## WHAT YOU ARE ASKED TO DO:
For the entries below, repeat exactly each line starting with the one that contains "2006 Topps #163 Ray Lewis back image" and going on through the one that contains "பேருந்து பயணிகளுக்கு முக்கிய", and no others.

## RECORDS:
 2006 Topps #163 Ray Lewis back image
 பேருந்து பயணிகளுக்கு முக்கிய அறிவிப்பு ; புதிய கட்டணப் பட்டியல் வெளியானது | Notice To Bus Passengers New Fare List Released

---

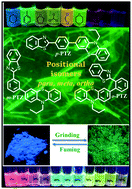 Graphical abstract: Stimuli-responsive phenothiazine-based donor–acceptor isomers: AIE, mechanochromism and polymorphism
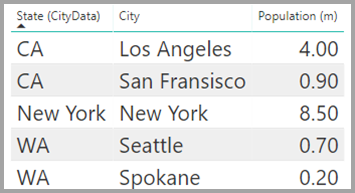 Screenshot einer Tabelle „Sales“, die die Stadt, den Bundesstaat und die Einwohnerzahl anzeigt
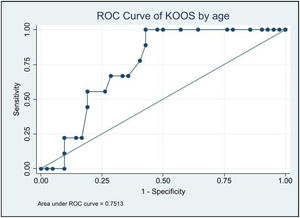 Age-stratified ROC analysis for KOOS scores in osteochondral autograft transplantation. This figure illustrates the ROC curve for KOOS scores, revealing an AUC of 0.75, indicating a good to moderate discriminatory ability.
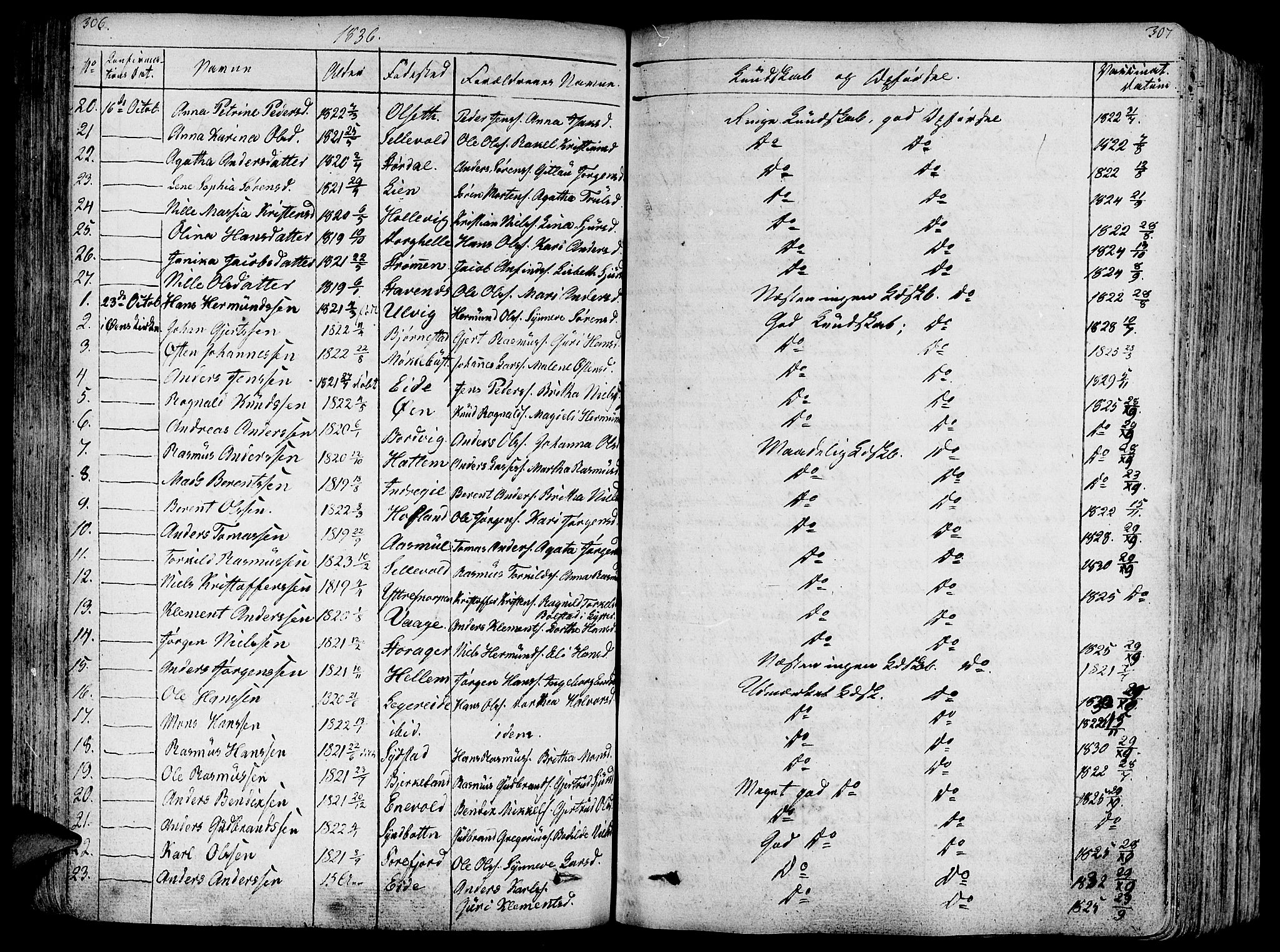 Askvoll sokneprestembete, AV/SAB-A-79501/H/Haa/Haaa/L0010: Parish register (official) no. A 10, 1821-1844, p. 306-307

---

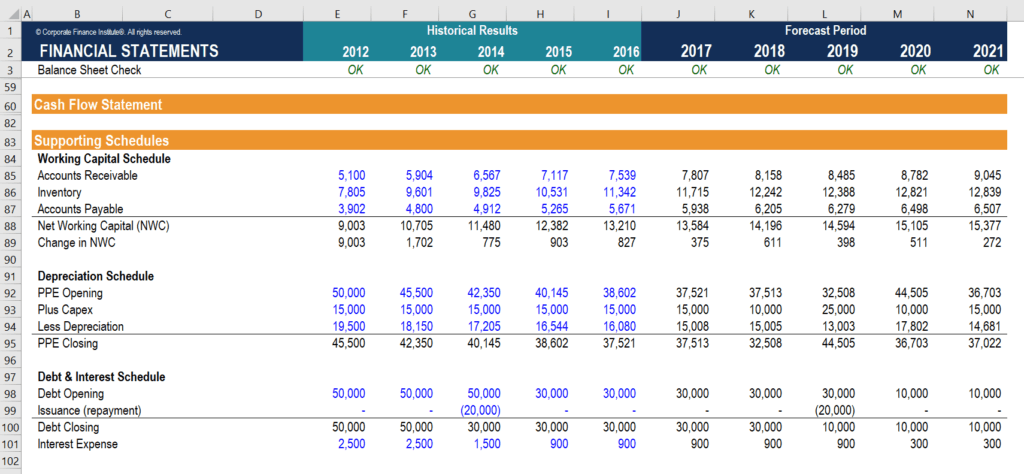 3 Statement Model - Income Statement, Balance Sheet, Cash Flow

## OUTPUT:
 2006 Topps #163 Ray Lewis back image
 பேருந்து பயணிகளுக்கு முக்கிய அறிவிப்பு ; புதிய கட்டணப் பட்டியல் வெளியானது | Notice To Bus Passengers New Fare List Released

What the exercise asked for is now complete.